- _Goal of the exercise_
Pull every line containing "with" from the data.

- _Records provided_
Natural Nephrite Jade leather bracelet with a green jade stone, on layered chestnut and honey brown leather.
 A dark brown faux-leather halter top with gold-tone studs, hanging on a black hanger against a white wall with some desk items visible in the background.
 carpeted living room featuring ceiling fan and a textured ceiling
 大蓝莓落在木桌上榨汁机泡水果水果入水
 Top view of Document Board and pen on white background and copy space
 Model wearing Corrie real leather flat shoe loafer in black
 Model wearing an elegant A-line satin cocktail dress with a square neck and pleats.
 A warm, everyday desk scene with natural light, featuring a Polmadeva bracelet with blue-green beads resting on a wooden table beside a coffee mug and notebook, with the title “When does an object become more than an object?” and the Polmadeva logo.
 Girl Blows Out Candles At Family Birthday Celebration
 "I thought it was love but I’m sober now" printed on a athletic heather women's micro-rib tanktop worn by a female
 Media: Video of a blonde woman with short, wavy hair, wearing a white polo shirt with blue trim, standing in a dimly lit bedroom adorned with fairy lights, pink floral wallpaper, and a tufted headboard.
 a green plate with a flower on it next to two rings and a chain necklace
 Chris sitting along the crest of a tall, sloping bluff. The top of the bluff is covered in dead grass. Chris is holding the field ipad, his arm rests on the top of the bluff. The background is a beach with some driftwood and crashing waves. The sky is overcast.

- _Response to this exercise_
Natural Nephrite Jade leather bracelet with a green jade stone, on layered chestnut and honey brown leather.
 A dark brown faux-leather halter top with gold-tone studs, hanging on a black hanger against a white wall with some desk items visible in the background.
 Model wearing an elegant A-line satin cocktail dress with a square neck and pleats.
 A warm, everyday desk scene with natural light, featuring a Polmadeva bracelet with blue-green beads resting on a wooden table beside a coffee mug and notebook, with the title “When does an object become more than an object?” and the Polmadeva logo.
 Media: Video of a blonde woman with short, wavy hair, wearing a white polo shirt with blue trim, standing in a dimly lit bedroom adorned with fairy lights, pink floral wallpaper, and a tufted headboard.
 a green plate with a flower on it next to two rings and a chain necklace
 Chris sitting along the crest of a tall, sloping bluff. The top of the bluff is covered in dead grass. Chris is holding the field ipad, his arm rests on the top of the bluff. The background is a beach with some driftwood and crashing waves. The sky is overcast.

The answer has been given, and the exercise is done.